The 20th century contained in it both the Austro-Hungarian Empire and such a distinct thing as reunified Germany. And of course, there was everything in between. Each grave dug is dug from a life fashioned by this same Europe.

Her Galician woman (Erpenbeck didn’t give any of her characters names apart from epithets – mother, daughter, husband, the goy, the civil servant of the eleventh pay grade, Comrade H…) dies as an eight-month-old in fever; she dies as a 20-year-old suicide in heartache; dies as a body that fills a Soviet quota; dies as a widow and writer who falls down her own stairs; dies as an old woman in an old people’s home in a reunified Germany.

The day room is full of stories not being told.

Erpenbeck’s writing is elegiac, and her Galician woman is given in death the same insubstantiality as the ashes.

What did this Europe hold for a girl born to a Jewish mother and Catholic father? What about for a woman from a country no longer in existence and now living in one that also will fail to be? “East” and “West” are more than directional.
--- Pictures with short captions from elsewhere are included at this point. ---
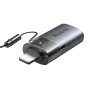 OTG адаптер (OT-7850) - Mcdodo - USB към Lightning, с TF четец за карти, 480Mbps, LED индикатор - Черно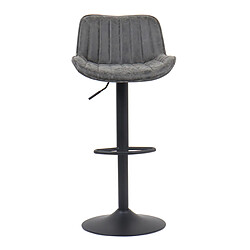 Acheter JLC KREATION Tabouret de bar réglables et pivotants en PU gris NAFFA (lot de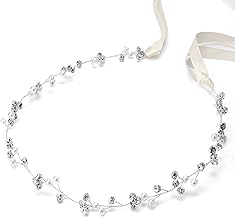 Didder Silver Bridal Headpiece, Rhinestone Wedding Headband, Crystal Hair Accessories for Brides, Women Wedding Jewelry for Bridesmaids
The End of Days is a barren novel with thatched roofs and bitterly cold winds and waiting at midnight for something to eat at daybreak. It has its basis in the tremors of an earthquake: how it’s felt long after its wrench and far from its center, how it insinuates itself into the littlest things like a hairline crack in a distant ceiling. Her novel starts in the Galicia of Eastern Europe at the fin de siècle and ends in a Berlin old people’s home after the fall of the Berlin Wall.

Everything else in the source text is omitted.